For a lot of us, the phrase "healthcare system" can feel like a labyrinth full of paperwork, long lines, and strange-smelling waiting rooms, and navigating this labyrinth can be stressful and overwhelming. In fact, just figuring out how to start your healthcare journey can feel heard enough, not to mention doing the actual, you know, caring for your health.

But this isn't a 21st-century problem. People have spent 100s of years imagining different ways to help people navigate the labyrinth, and they've come up with a bunch of different paths, each with their own benefits and pitfalls. In a lot of places, we've combined these approaches. Like, the U.S. has kind of taken approaches to healthcare from pretty much everywhere, which sounds promising but has turned out to be, well, you'll see what I mean.

Hi, I'm Vanessa Hill, and this is Crash Course: Public Health.

(theme music)

It feels weird to say, but our health isn't just something that we have. It's also something that is cared for and provided to us by others. These people are our healthcare providers, and sure, they include doctors and surgeons who treat us when we need immediate care, but also people who provide ongoing preventative treatments, like therapists, dentists, and nursing home workers.

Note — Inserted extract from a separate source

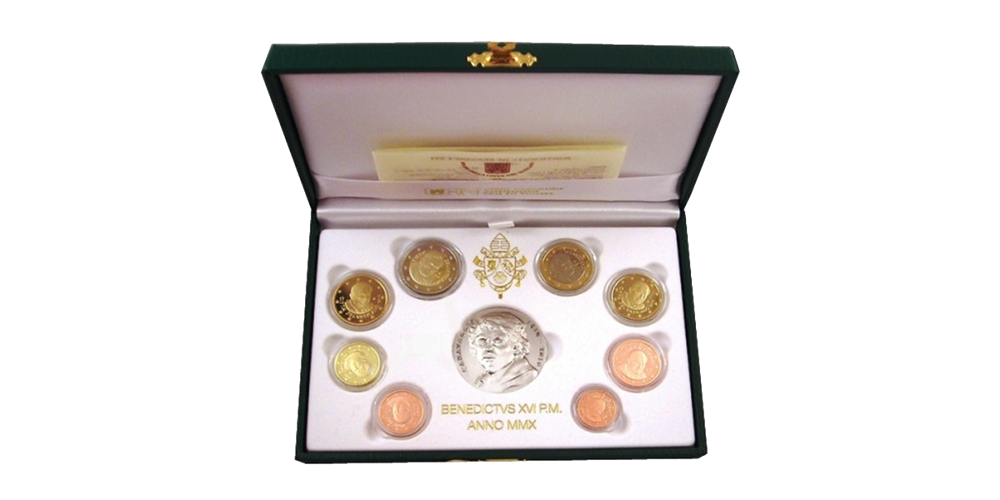 ensemble de pièces en euros de la Cité du Vatican 2010 en qualité Belle Epreuve ensemble de pièces en euros de la Cité du Vatican 2010 en qualité Belle Epreuve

And while we typically receive care directly from these people, there's an entire world behind the scenes that makes this relationship between patients and providers possible: the healthcare system. The healthcare system is probably best known for generating a lot of opinions and news stories. We see attention-grabbing headlines like "Why America's Healthcare System is Broken" or "This Man Waiter 10 Hours in Emergency Room After Skydiving Incident."

And while these headlines are good at getting clicks, they're not good at explaining

 (02:00) to (04:00)


what a healthcare system does. The World Health Organization defines a healthcare system as "all the institutions, people, and resources whose primary purpose it is to promote, restore, and maintain health." In general, the World Health Organization identifies six building blocks that make up a strong healthcare system. Let's break them down a bit in the Thought Bubble.


 Six Building Blocks (2:24)



Meet Nate. He is having an asthma attack for the first time. The first building block that Nate needs to successfully diagnose and treat his asthma attack is Service Delivery. Basically, there needs to be enough healthcare facilities so that Nate can easily access them. 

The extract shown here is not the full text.